Task instructions. When every entry has been read, print each one back exactly.

_ _ _ _

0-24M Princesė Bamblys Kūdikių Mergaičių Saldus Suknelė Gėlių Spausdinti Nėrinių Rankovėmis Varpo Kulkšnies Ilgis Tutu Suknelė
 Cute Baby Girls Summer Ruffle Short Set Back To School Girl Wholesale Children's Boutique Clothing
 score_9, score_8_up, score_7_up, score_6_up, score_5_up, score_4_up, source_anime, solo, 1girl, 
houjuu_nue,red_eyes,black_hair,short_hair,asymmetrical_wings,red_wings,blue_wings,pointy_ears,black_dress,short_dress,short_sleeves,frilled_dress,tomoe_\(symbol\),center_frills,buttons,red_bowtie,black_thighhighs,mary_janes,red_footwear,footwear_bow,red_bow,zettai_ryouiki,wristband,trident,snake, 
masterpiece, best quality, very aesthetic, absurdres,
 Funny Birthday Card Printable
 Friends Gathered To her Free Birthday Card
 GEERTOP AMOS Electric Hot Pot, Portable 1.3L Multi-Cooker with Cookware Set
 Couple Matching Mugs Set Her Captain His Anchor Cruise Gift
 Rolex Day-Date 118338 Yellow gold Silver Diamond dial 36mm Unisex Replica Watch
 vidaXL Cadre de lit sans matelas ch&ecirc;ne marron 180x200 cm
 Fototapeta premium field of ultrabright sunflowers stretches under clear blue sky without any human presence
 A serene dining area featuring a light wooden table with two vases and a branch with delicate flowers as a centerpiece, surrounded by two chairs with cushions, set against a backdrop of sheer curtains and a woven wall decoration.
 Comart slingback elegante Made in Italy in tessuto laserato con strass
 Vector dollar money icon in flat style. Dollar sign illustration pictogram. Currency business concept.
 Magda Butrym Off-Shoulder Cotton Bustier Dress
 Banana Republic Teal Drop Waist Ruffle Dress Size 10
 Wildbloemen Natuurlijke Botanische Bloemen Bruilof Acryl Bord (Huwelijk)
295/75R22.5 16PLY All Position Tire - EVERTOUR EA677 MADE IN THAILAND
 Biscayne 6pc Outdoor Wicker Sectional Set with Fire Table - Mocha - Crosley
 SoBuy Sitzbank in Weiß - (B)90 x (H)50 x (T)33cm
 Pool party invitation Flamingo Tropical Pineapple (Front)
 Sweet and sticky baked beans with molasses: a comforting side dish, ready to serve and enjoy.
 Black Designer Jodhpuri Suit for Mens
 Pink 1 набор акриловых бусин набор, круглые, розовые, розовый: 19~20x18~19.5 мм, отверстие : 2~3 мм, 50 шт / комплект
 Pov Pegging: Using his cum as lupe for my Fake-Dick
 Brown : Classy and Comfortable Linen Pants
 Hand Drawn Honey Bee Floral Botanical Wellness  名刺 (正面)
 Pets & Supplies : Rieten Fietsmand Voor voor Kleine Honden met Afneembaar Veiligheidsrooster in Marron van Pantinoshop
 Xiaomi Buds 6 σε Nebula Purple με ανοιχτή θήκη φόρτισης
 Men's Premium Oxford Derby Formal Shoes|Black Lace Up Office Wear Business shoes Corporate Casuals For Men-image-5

_ _ _ _

Response to this task.
0-24M Princesė Bamblys Kūdikių Mergaičių Saldus Suknelė Gėlių Spausdinti Nėrinių Rankovėmis Varpo Kulkšnies Ilgis Tutu Suknelė
 Cute Baby Girls Summer Ruffle Short Set Back To School Girl Wholesale Children's Boutique Clothing
 score_9, score_8_up, score_7_up, score_6_up, score_5_up, score_4_up, source_anime, solo, 1girl, 
houjuu_nue,red_eyes,black_hair,short_hair,asymmetrical_wings,red_wings,blue_wings,pointy_ears,black_dress,short_dress,short_sleeves,frilled_dress,tomoe_\(symbol\),center_frills,buttons,red_bowtie,black_thighhighs,mary_janes,red_footwear,footwear_bow,red_bow,zettai_ryouiki,wristband,trident,snake, 
masterpiece, best quality, very aesthetic, absurdres,
 Funny Birthday Card Printable
 Friends Gathered To her Free Birthday Card
 GEERTOP AMOS Electric Hot Pot, Portable 1.3L Multi-Cooker with Cookware Set
 Couple Matching Mugs Set Her Captain His Anchor Cruise Gift
 Rolex Day-Date 118338 Yellow gold Silver Diamond dial 36mm Unisex Replica Watch
 vidaXL Cadre de lit sans matelas ch&ecirc;ne marron 180x200 cm
 Fototapeta premium field of ultrabright sunflowers stretches under clear blue sky without any human presence
 A serene dining area featuring a light wooden table with two vases and a branch with delicate flowers as a centerpiece, surrounded by two chairs with cushions, set against a backdrop of sheer curtains and a woven wall decoration.
 Comart slingback elegante Made in Italy in tessuto laserato con strass
 Vector dollar money icon in flat style. Dollar sign illustration pictogram. Currency business concept.
 Magda Butrym Off-Shoulder Cotton Bustier Dress
 Banana Republic Teal Drop Waist Ruffle Dress Size 10
 Wildbloemen Natuurlijke Botanische Bloemen Bruilof Acryl Bord (Huwelijk)
295/75R22.5 16PLY All Position Tire - EVERTOUR EA677 MADE IN THAILAND
 Biscayne 6pc Outdoor Wicker Sectional Set with Fire Table - Mocha - Crosley
 SoBuy Sitzbank in Weiß - (B)90 x (H)50 x (T)33cm
 Pool party invitation Flamingo Tropical Pineapple (Front)
 Sweet and sticky baked beans with molasses: a comforting side dish, ready to serve and enjoy.
 Black Designer Jodhpuri Suit for Mens
 Pink 1 набор акриловых бусин набор, круглые, розовые, розовый: 19~20x18~19.5 мм, отверстие : 2~3 мм, 50 шт / комплект
 Pov Pegging: Using his cum as lupe for my Fake-Dick
 Brown : Classy and Comfortable Linen Pants
 Hand Drawn Honey Bee Floral Botanical Wellness  名刺 (正面)
 Pets & Supplies : Rieten Fietsmand Voor voor Kleine Honden met Afneembaar Veiligheidsrooster in Marron van Pantinoshop
 Xiaomi Buds 6 σε Nebula Purple με ανοιχτή θήκη φόρτισης
 Men's Premium Oxford Derby Formal Shoes|Black Lace Up Office Wear Business shoes Corporate Casuals For Men-image-5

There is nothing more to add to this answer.